Когда связная рассказала об этом Ковпаку, он позвал к себе Карпенко. Они о чем-то пошептались, а ночью нарядили разведчиков с задачей выкрасть из села "сапера". На рассвете его привели в отряд. Молодой парнишка - на вид ему было лет восемнадцать, курносый, с наивными детскими глазами - любопытно оглядывался по сторонам, впервые видя заросших щетиной лесных людей. Ковпак предложил ему остаться в партизанах, на что парень весело ответил:
– А я, дедушка, раньше вашего партизаном стал. Я есть партизан-одиночка. Пять подорванных немецких машин на своей совести имею.
– Какой ты партизан?
– сказал Ковпак.
– Ты спекулянт! Ты с мужиков по пять пудов хлеба за минное поле берешь.
– Так это же днем, за то, что разминирую, а когда обратно минирую дорогу, я ж ничего не беру. А ведь за это и голову потерять можно. Это, брат старичок, бесплатно... А ты говоришь - спекулянт.

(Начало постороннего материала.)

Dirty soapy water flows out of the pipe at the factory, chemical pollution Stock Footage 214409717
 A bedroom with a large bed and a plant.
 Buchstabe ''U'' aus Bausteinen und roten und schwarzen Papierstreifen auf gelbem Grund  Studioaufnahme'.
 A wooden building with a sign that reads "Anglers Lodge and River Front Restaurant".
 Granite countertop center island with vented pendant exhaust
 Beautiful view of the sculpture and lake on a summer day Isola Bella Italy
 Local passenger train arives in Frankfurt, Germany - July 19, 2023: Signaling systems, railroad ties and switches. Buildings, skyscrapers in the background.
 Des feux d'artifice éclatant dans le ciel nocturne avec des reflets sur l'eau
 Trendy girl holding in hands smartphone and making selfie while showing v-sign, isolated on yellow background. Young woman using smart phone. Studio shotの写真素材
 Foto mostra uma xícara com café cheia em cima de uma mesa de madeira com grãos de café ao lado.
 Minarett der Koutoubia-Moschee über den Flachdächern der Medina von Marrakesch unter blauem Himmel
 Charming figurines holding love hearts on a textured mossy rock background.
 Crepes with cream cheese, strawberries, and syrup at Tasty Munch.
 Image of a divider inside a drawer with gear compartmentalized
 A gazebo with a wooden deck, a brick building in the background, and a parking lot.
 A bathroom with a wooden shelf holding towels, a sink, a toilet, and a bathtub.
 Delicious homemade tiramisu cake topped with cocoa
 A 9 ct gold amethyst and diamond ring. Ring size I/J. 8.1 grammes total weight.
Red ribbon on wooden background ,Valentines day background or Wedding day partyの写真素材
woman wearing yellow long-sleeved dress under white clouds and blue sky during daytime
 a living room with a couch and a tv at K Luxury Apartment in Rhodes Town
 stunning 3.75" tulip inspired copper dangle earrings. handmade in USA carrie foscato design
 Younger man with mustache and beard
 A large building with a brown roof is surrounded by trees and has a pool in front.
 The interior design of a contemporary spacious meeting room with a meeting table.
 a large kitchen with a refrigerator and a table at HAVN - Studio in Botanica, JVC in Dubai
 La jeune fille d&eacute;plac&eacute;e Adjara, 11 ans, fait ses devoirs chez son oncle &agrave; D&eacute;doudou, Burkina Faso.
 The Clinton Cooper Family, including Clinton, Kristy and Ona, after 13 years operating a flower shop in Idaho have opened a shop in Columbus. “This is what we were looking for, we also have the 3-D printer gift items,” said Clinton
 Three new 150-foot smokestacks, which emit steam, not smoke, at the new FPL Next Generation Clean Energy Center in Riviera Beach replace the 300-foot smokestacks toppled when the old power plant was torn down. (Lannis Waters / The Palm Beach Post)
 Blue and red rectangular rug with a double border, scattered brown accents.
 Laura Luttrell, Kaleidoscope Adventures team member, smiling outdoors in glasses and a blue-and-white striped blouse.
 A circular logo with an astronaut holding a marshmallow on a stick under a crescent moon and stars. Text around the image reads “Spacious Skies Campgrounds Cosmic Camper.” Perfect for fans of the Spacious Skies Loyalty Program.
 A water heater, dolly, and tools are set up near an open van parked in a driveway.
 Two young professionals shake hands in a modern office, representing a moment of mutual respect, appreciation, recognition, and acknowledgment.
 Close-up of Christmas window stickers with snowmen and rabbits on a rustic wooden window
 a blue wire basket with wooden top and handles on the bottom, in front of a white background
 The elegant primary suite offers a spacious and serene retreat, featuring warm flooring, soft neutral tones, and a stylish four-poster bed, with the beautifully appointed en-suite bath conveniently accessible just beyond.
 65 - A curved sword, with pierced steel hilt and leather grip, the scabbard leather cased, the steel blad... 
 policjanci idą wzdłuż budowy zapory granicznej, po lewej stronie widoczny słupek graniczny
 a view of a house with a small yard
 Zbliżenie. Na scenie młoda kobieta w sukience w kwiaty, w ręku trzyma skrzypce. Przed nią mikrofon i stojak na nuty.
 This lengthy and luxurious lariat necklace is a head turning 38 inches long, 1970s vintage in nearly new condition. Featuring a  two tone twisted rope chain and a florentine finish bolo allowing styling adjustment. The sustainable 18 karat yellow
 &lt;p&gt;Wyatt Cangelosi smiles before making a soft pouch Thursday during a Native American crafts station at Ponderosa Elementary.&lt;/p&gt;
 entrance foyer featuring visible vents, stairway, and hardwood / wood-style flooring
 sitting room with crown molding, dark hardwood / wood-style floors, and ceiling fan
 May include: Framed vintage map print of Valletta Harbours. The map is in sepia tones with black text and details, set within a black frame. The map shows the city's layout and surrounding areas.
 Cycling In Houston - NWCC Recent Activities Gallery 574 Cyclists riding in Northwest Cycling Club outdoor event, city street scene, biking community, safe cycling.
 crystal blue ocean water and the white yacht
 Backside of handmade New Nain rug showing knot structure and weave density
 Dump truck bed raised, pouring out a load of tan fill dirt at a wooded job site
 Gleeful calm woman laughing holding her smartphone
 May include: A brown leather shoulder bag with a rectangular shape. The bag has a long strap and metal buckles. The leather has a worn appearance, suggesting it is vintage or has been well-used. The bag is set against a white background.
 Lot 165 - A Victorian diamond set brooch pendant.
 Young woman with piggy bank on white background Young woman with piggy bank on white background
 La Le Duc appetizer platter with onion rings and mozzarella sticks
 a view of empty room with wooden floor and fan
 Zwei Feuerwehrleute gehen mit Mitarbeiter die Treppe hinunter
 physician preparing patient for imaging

Ковпак примирительно ответил:
– Ладно, ты не обижайся, я же тоже не обижаюсь. Вот ты говоришь, что раньше меня стал партизанить, а я, брат, еще с Чапаевым вместе воевал. Как ты думаешь, не обидно мне от такого сопляка, как ты, подобные слова слышать?
Паренек разинул рот от удивления.
– Ну, если с Чапаевым...
– смущенно пробормотал он.
– Бери его под свою команду, Карпенко, - засмеялся Ковпак.
Группа Карпенко к этому времени выросла. В нее посылали всех военнослужащих, прибывших в отряд. Новых людей Карпенко шутя перекрещивал, давал им свои прозвища. Они обычно были так метки, что сразу "прирастали" к новичку, и только под этим партизанским прозвищем человека и знали в отряде.